In many cases, the early init program is in fact written in shell script, so a shell and a number of utilities are included. You can use bash and GNU coreutils for this, but again these are quite large and all of their features is probably not necessary for the small initramfs script.
busybox
is one alternative, which includes a shell, and a large
number of utilities, including the previously-mentioned switch-root
.
klibc
also comes with a number of utilities, which are more limited,
and smaller, than the ones with busybox. It also includes the
run-init
utility which helps with wrapping up the work in initramfs.
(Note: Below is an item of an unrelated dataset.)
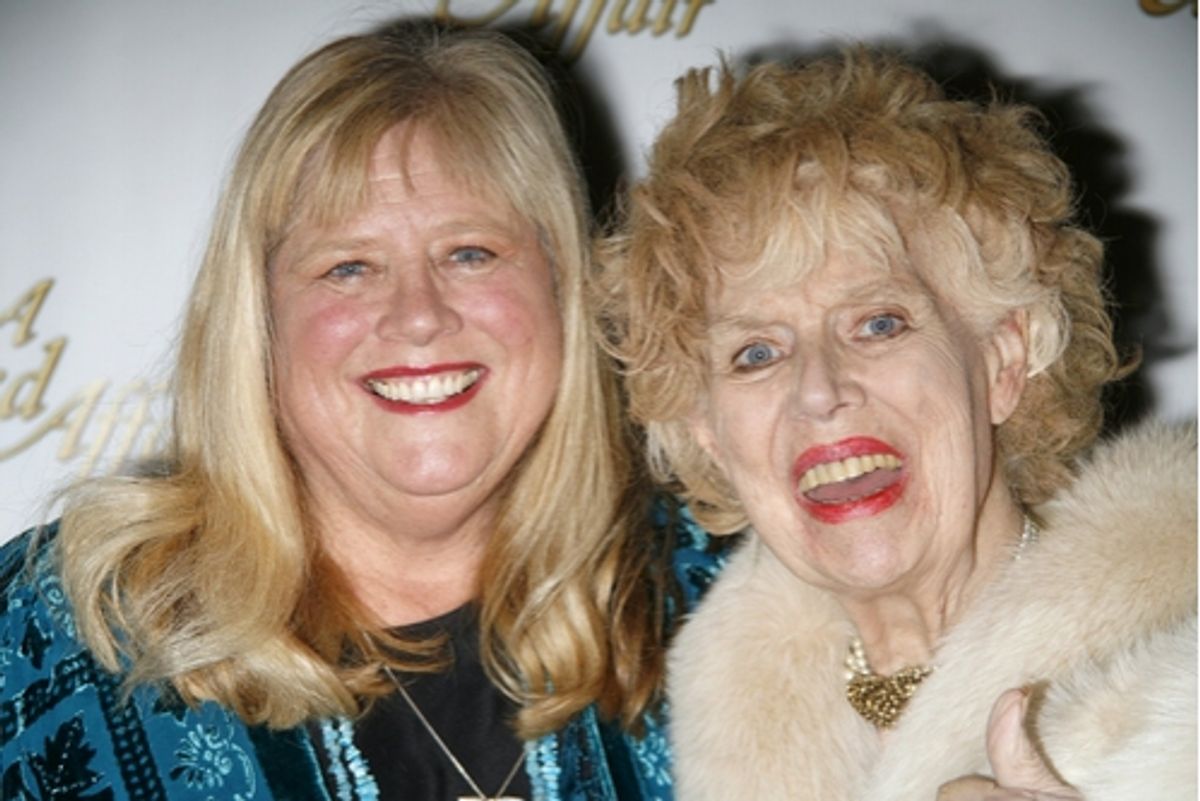 Heather Mac Rae and Shelia Mac Rae at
If you try taking a peek at the initramfs on an Ubuntu system with cpio, a few files are extracted and then you’ll receive an error message. At least, that’s how it is on Ubuntu 16.04 and 18.04 where I tried this. This is because the Ubuntu initramfs is actually two cpio archives put one after the other in a single file.
Ubuntu 18.04 comes with an unmkinitramfs
utility (installed with the
initramfs-tools-core package) capable of extracting the contents of
this initramfs. It’s a shell script so you can take a look at it and
see how it actually works.
supermin contains a small initramfs program that can be very
educational to look at. Just get the source code and open the
init/init.c
file.
I also found the following links very informative:
As I said in the beginning, we are not going to use either initrd or initramfs in our distro-to-be. So we’ll just carry on.